Records provided -
/---

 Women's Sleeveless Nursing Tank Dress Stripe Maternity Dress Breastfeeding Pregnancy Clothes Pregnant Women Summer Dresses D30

\---
/---

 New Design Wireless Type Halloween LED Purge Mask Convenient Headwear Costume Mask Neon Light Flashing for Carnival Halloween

\---
/---

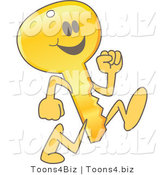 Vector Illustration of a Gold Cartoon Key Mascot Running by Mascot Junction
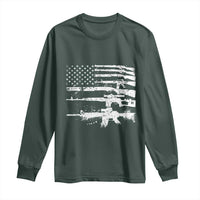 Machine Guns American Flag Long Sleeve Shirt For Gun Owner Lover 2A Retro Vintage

\---

Brief - Whatever pictures the records hold, omit them; give again exactly the lines from the one containing "Vector Illustration of" through the one containing "Machine Guns American".

Written reply -
 Vector Illustration of a Gold Cartoon Key Mascot Running by Mascot Junction
 Machine Guns American Flag Long Sleeve Shirt For Gun Owner Lover 2A Retro Vintage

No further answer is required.